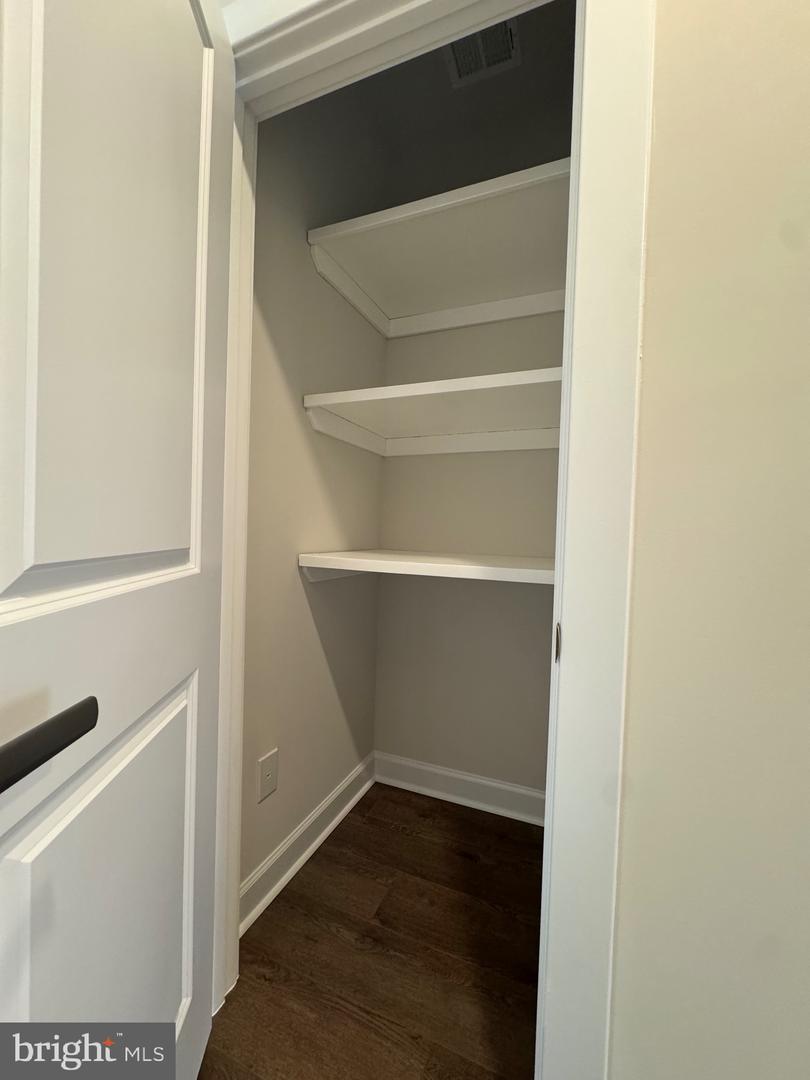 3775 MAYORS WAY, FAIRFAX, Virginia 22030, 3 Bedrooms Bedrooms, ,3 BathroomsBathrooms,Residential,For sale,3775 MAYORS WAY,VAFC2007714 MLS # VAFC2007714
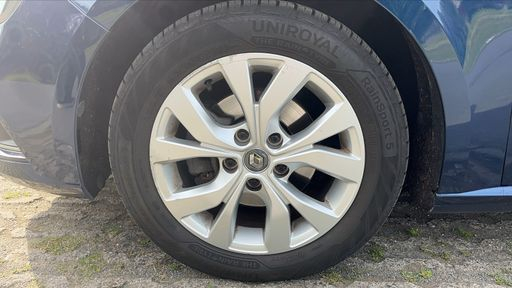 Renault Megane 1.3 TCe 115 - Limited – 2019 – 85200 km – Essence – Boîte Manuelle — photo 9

---

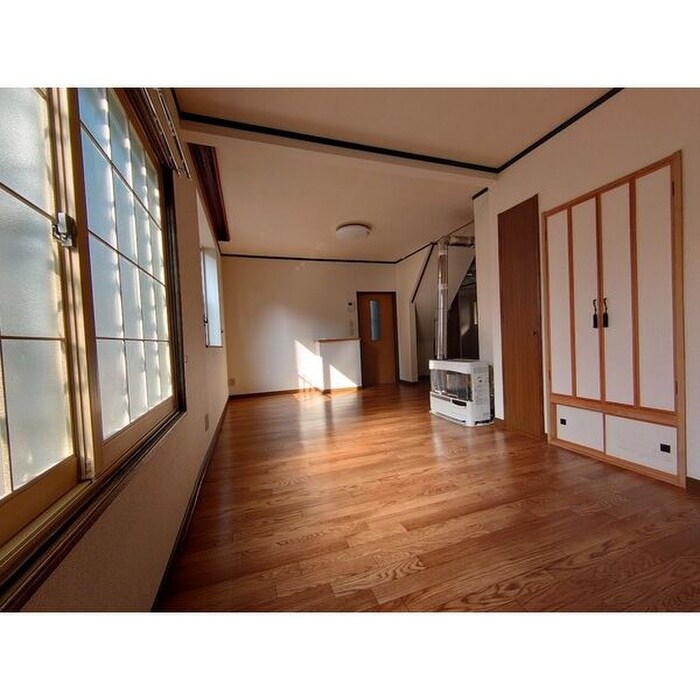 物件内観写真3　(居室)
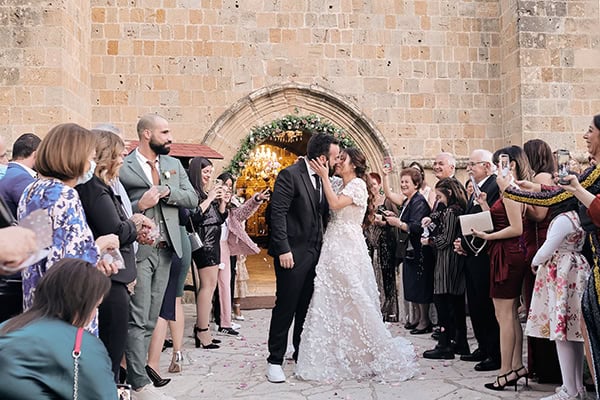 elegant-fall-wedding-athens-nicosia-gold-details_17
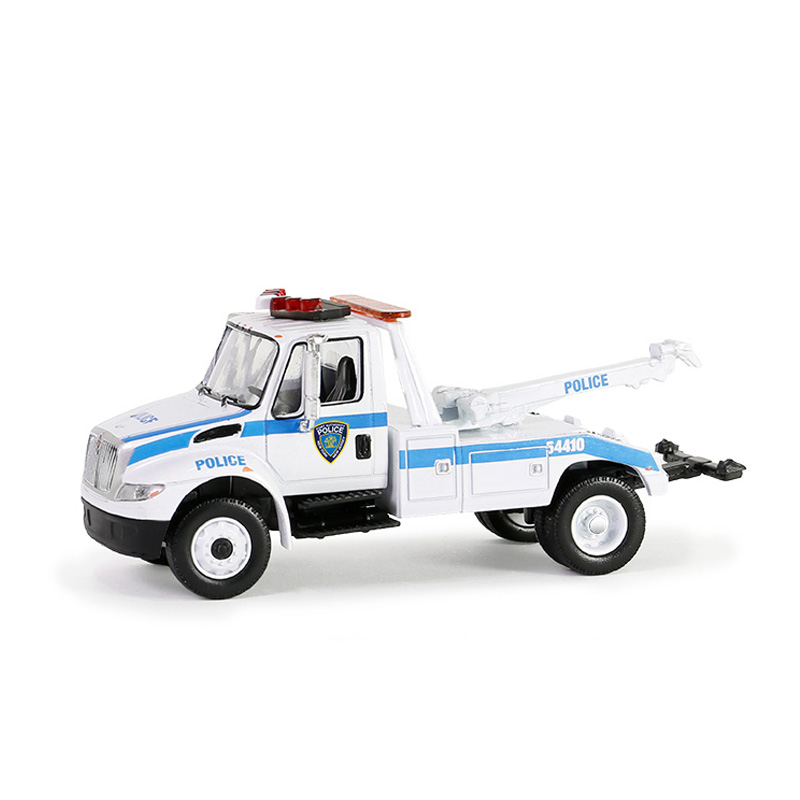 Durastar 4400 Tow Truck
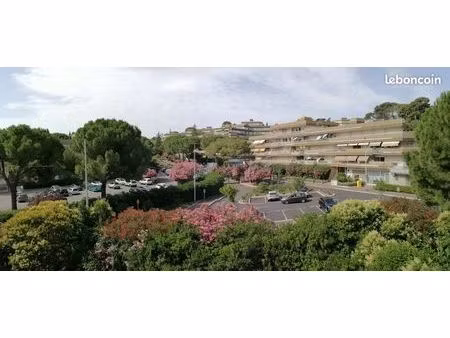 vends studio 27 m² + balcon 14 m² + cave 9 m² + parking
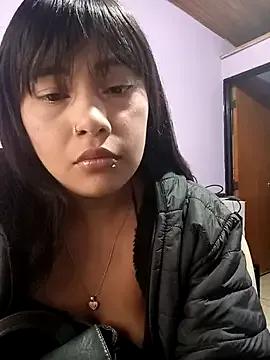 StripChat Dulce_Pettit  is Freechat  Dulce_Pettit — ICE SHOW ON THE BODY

| REQUIRED ACTION |
Pictures aside, return exactly the lines from the data above, starting at the line that has "vends studio 27" and ending at the line that has "ON THE BODY", both included.

| ANSWER TO THIS PROBLEM |
 vends studio 27 m² + balcon 14 m² + cave 9 m² + parking
 StripChat Dulce_Pettit  is Freechat  Dulce_Pettit — ICE SHOW ON THE BODY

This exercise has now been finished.